On the GTX 1070 GPU when enabling just LUT shader: -7% in Doom Eternal (uses async compute and presents from compute queue) vs. -2.3% in Strange Brigade (uses async compute, but doesn't present from compute queue). I suppose it could cost more with GPUs that have better async compute capabilities. May I ask if you're aware of it, @crosire ?

Edit: As a side note: Steam and RTSS (beta) overlays recently have received improved compatibility with async present, they now can draw onto the frame buffer without noteworthy performance hit.

crosire commented 4 years ago

ReShade synchronizes its rendering queue (which is always the first graphics queue) with the queue being presented on. If the game submitted additional work to the same graphics queue in the meantime, then that will make performance drop (since more work is executed before the actual present). This is probably what is happening in DOOM. I suppose this could be fixed by creating a dedicated graphics queue just for ReShade and synchronizing that with the present queue. But then things get a lot more complicated with ensuring resources are synchronized between these queues (e.g. when accessing the depth buffer, which belongs to the game, in a ReShade shader). So for ReShade it is much simpler the way it works right now, which assures correct behavior, but at the cost of some performance.

Plagman commented 4 years ago

A dedicated queue is unlikely to completely fix the problem, as the hardware only has one graphics pipe. Your additional queue would potentially let the OS schedule you into an earlier submission gap, but the game submissions tend to be chunky, so I think you'd see more or less the same thing.

DadSchoorse commented 4 years ago

Unlike vkbasalt, it doesn't have increased input latency when a game presents from compute queue, but instead it reduces performance further.

I could probably also achieve that, with the question being if input latency or a performance loss is worse.

A dedicated queue is unlikely to completely fix the problem, as the hardware only has one graphics pipe.

And only NVIDIA exposes more than one graphics queue anyway.

this issue is unsolvable unless we implement a rasterizer that only uses compute

Would this be within scope or would it require a ton of efforts?

The build in effects always draw a full screen triangle, making those work in compute is pretty easy (The first release drew with a compute shader already). The problem is that reshade shaders can draw arbitrary triangles (and other primitives) so that is pretty much impossible to do in a generic, high performant way.

Edit: As a side note: Steam and RTSS (beta) overlays recently have received improved compatibility with async present, they now can draw onto the frame buffer without noteworthy performance hit.
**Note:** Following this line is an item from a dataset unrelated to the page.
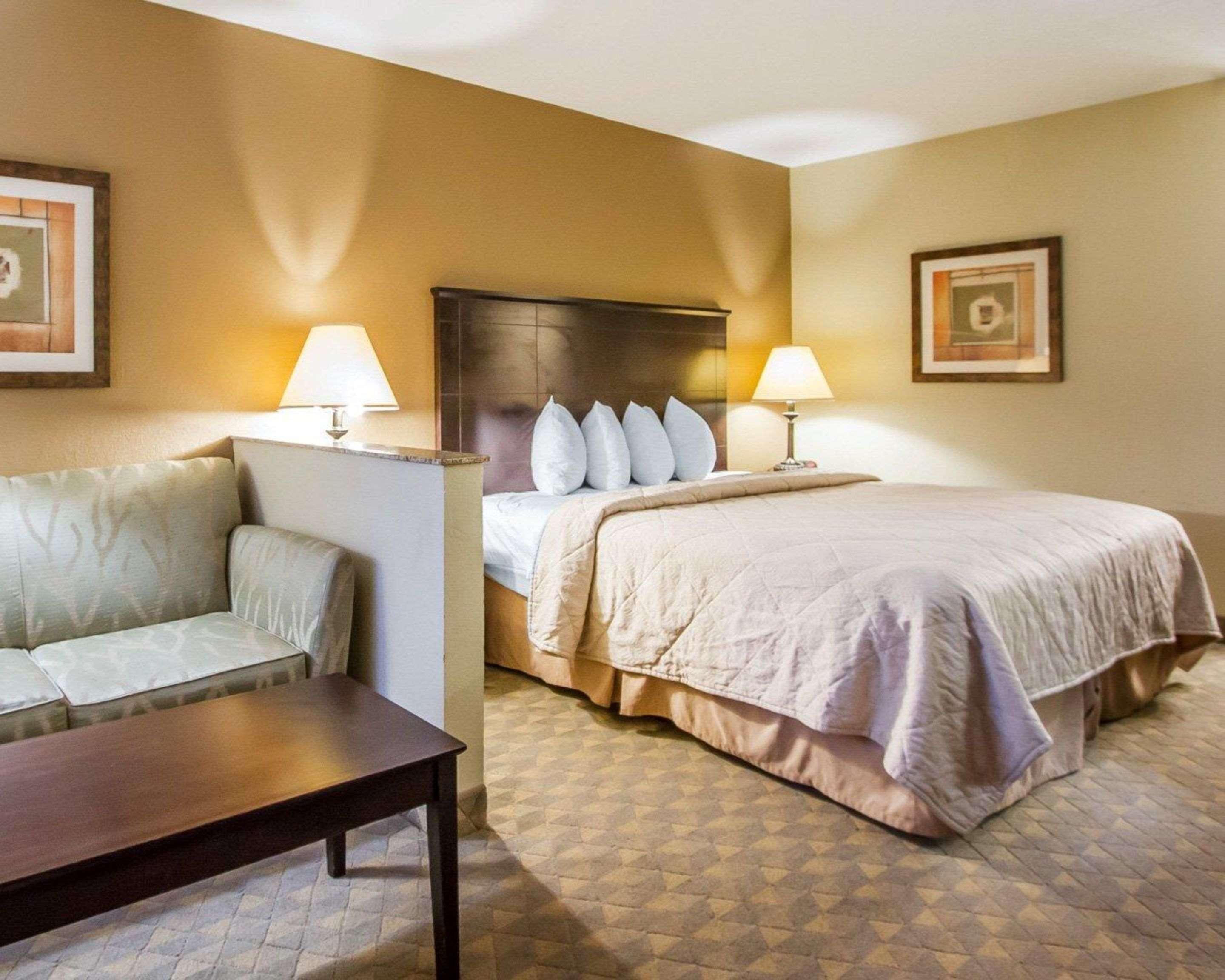 Quality Inn & Suites Greenville I-65 Exteriör bild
I suspect that these are drawing with compute shaders now.

aufkrawall commented 4 years ago

Thanks for your responses!

RTSS developer Unwinder shared some information about the general concept. Can't judge if it contains any hint for something that isn't already general knowledge:

Added alternate asynchronous On-Screen Display renderer for Vulkan applications presenting frames from compute queue (id Tech 6 and newer engine games like Doom 2016 and Dooom Eternal). The implementation is using original AMD’s high performance concept of asynchronous offscreen overlay rendering and the principle of asynchronically combining it with framebuffer directly from compute pipeline with compute shader without stalling compute/graphics pipelines. ...

https://forums.guru3d.com/threads/rtss-6-7-0-beta-1.412822/page-118#post-5776692

Ahmed-E-86 commented 4 years ago

OMG!! Good to know that this issue is related to Vkbasalt. It is unbearable to play the game like this.

aufkrawall commented 4 years ago

Yeah, I think it would be better to lose a bit performance instead.

aufkrawall commented 4 years ago

@DadSchoorse Would it be possible to consider this in your current rewrite approach?